Credit: Chaz Nielsen/Umas Amhert
iCons students learn about the benefits of forming multidisciplinary teams early in their training.

Coming up with solutions to major technical problems, such as supplying communities with clean water and renewable energy, calls for team-based interdisciplinary research. In contrast, the tried-and-true method for excelling in undergraduate science and engineering education focuses on independent intensive study, typically in a single discipline. Imagine how well prepared for real-world problem solving today’s students would be if they spent their undergraduate years focusing equally on mastering the fundamentals of their major field and on developing the complementary skills required for working as a member or leader of a multidisciplinary research team.

That’s the idea that underpins a science education program launched earlier this year at the University of Massachusetts, Amherst, for students majoring in science, technology, engineering, and mathematics (STEM). The program, which is optional and to which students must apply for admission, is “credit neutral” in that its courses satisfy requirements for most honors STEM majors. Referred to as iCons, for “integrated Concentrations in science,” the program’s inaugural semester, which just came to a close a few weeks ago, introduced its cohort of 45 students to integrated science learning via concentrations in biomedicine and renewable energy. The program is structured around three courses, iCons I–III, and a senior project, iCons-IV. The aim is to augment the first two concentrations with ones in clean water and climate change in coming semesters.
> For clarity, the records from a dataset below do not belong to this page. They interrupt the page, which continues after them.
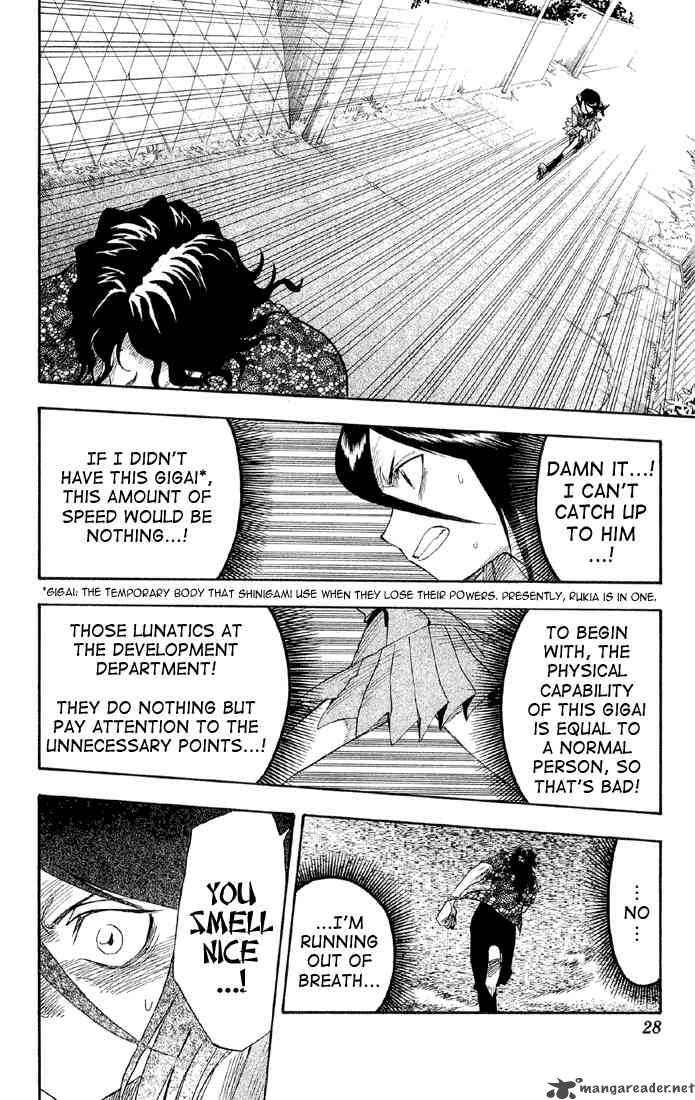 BLEACH Chapter 9 - Page 3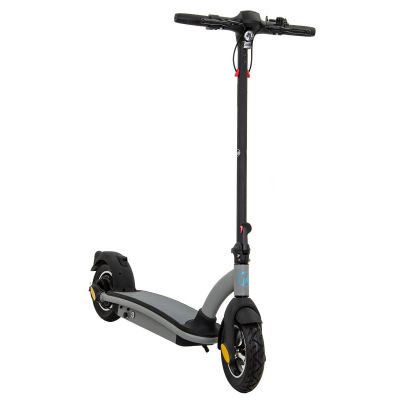 19. ELECTRIC SCOOTER 36V 500W 8AH SILVER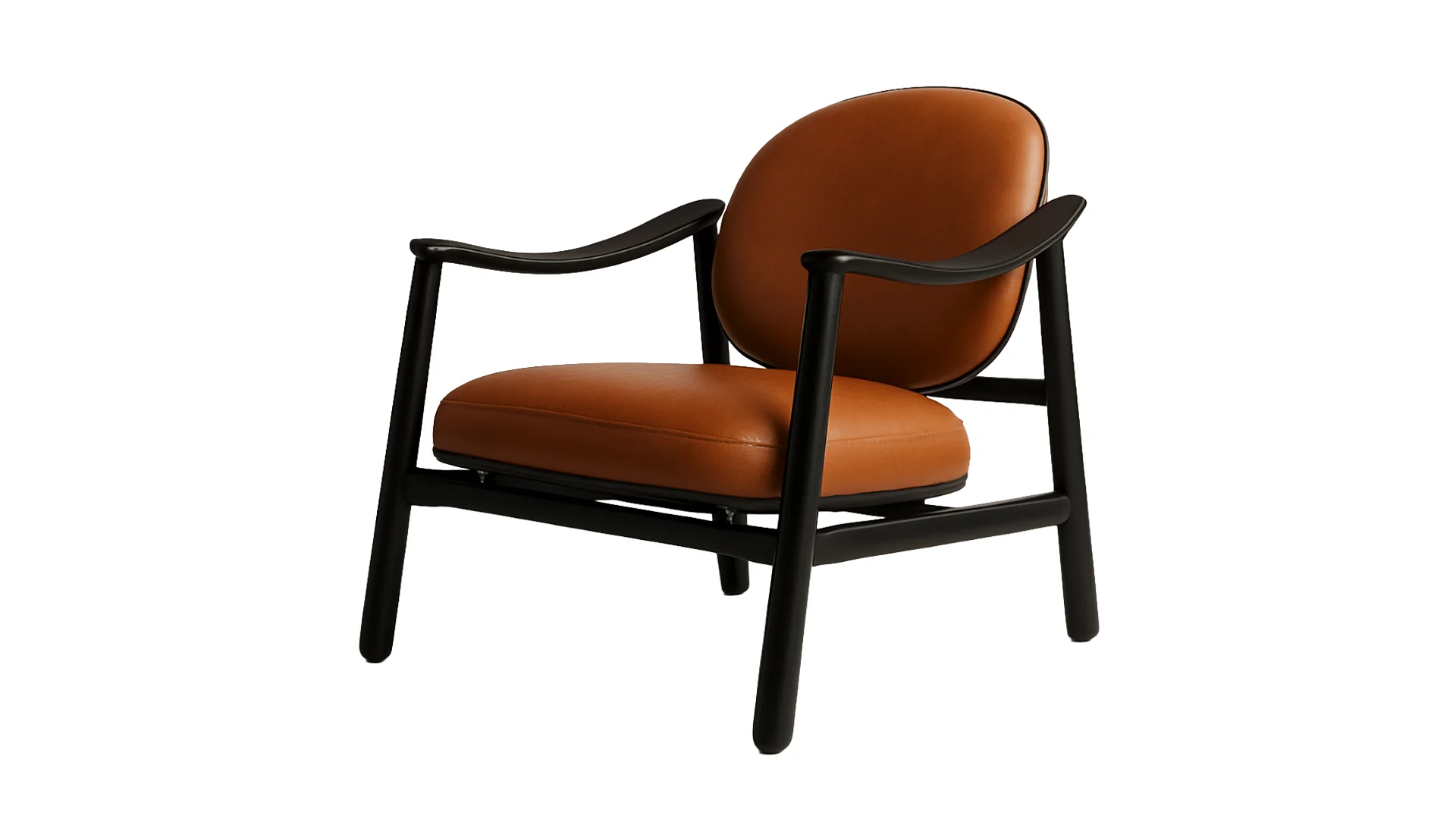 Ashford Lounge Chair - The Heritage Collection - view 8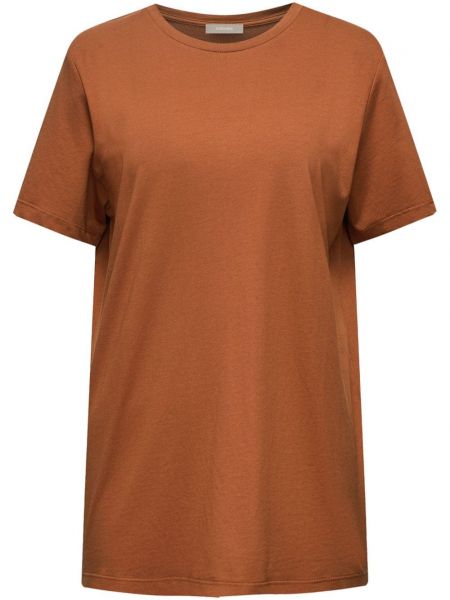 Kokvilnas t-krekls 12 Storeez sarkans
Scott M. Auerbach, a UMass Amherst chemistry professor who developed much of the program and serves as iCons director, is quick to point out that iCons is not a major and does not replace major field educational objectives. Rather, it enhances them, he says, by giving students an opportunity to work with an interdisciplinary team of like-minded students and to apply their knowledge to problems of global significance.

Like traditional science educators, Auerbach remains committed to helping students build solid foundations based on the fundamentals of chemistry, physics, or engineering, for example.

“Future scientific leaders cannot be a mile wide and an inch deep,” he says, meaning superficially familiar with many areas of science but well educated in none. “They need to have real disciplinary expertise.” But that alone is insufficient to hit the ground running in scientific research after graduating from college.

Both graduate schools and employers of science graduates assert that today’s undergraduates are not properly prepared for the integrative teamwork involved in solving global scientific problems, Auerbach notes.

Part of the problem, in Auerbach’s view, arises from training students within the traditional “silos” of chemistry, biology, physics, or engineering. Students educated in those disciplines can communicate effectively with others educated in the same area through the language of their discipline. That high level of communication makes it relatively easy for those scientists to formulate research plans or evaluate the results of a study.

iCons is a new integrated science program at UMass Amherst.?Learn more at www.cns.umass.edu/icons-program contact us at icons@cns.umass.edu

Yet the same scientists are often ill-prepared to carry out those tasks with scientists educated in a different silo. Worse yet, ­Auerbach says, differences in the educational cultures of each of those silos—for example, a descriptive approach to highly complex systems in biology versus a rigorous mathematical treatment of simplified model systems in physics—can cause students in one area to undervalue the skills and strengths of scientists who specialize in another area.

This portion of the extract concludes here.